Key Insights for Retirement Planning: Advice from CAPTRUST Chief Investment Officer

By Nanci Hellmich

When it comes to planning for retirement, it’s critical to save regularly and stay invested over time. But the starting point is to empower yourself with knowledge about the value of saving, the financial markets, and your own unique situation, says Eric Freedman, chief investment officer for CAPTRUST. 

“This empowerment can help you navigate market volatility and help you adjust to your evolving lifestyle needs as you age,” he says.

Freedman has been in the financial services industry for almost two decades. Here are some of his best insights.

The biggest financial retirement mistake people make. They become too short-term focused. They let the news impact their decisions, he says. They may sell their investments during a dip in the stock market; that leads to bad outcomes for many people. Then, after that, they may stop saving and investing in their retirement plans.

Consistently timing the ups and downs of the financial markets is impossible for professional investors, let alone individual investors. Staying invested in a mix of investments that is appropriate for your unique situation is a better alternative, Freedman says.

Diversification in investments. Stocks and bonds, in combination, can be powerful tools to grow account balances over time. You should stay diversified throughout your life. Don’t put all of your eggs in one basket, he says.

Stock market volatility. Stocks, over long periods of time, have rewarded patient investors. Certainly, stocks can be volatile, and they can perform poorly from time to time, but in the long run they have paid off, Freedman says.  

Chances are that in 10 to 20 years the stock market will be higher than it is now. You invest to beat inflation, defined as the tendency of prices for goods and services to go up over time. If you’re not trying to keep up with or beat inflation, then the value of your money is going to go down over time, he says.

You have to be aware of the fact that the markets go through cycles. They go up and down.

People tend to get very confident when markets are up a lot, and they get pessimistic when markets are down. Falling markets can cause feelings of anxiety, which may prompt people to sell when they really should hold tight. These are natural behavioral responses, he says.

But the most important thing when saving for retirement is to systematically keep adding to retirement accounts during both up and down markets. That will really help to smooth out your overall investment experience and returns, Freedman says.

Understanding your risk tolerance. Risk tolerance, your personal comfort level with movement up and down in the value of your investment portfolio, is very personal. The most important thing to consider is your time horizon—that is, when you’ll need the money for retirement and how long you’ll need it to last once you start withdrawing, he says.

It’s impossible to predict how long you’ll live or what circumstances life will throw at you. But someone who retires at age 60 might reasonably live to age 90, so you shouldn’t be too conservative with your investments early in retirement. Even in retirement, your money needs to grow so that it can continue to fund your lifestyle, Freedman says. 

To assess your risk tolerance, you need to come up with a reasonable financial plan for retirement, not only how you’ll invest the money, but also how you plan to spend it, he says.
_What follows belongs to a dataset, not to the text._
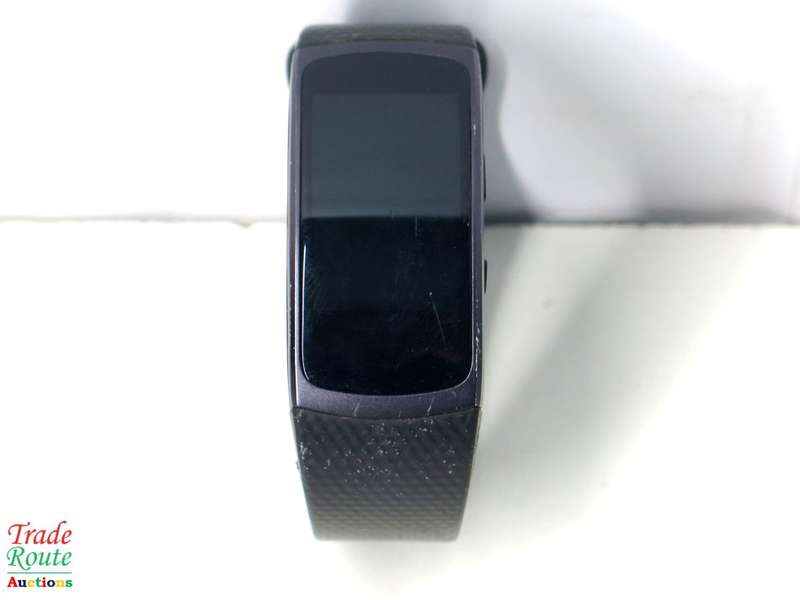 Samsung Gear Fit2 Watch Fitness Tracker Large SM-R360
Practical financial wisdom. Understand the power of compounding over time. A dollar saved leads to the opportunity for more dollars in the future. Being able to compound additional dollars over time is the most powerful thing in finance, Freedman says.

Smart ways to save for retirement. Come up with a plan to save, and stick with it. Make regular paycheck contributions to a retirement plan. Take advantage of your company’s match if your plan offers one. That’s free money, he says.

Good investment returns are important, but if you don’t have enough money saved in the first place, even a great investment environment is not going to help you retire.

Make it a lifelong resolution to save money for retirement, he says. Every bit of savings now helps. That may mean you need to cut back on dining out or vacations. If you don’t make sacrifices now to save for retirement, you’ll have to make bigger sacrifices down the road. Or you may have to delay retiring or live less comfortably during your golden years.

There may be times as your life changes that you may be able to save more or not as much, but committing to saving throughout your life can provide meaningful benefits, he says.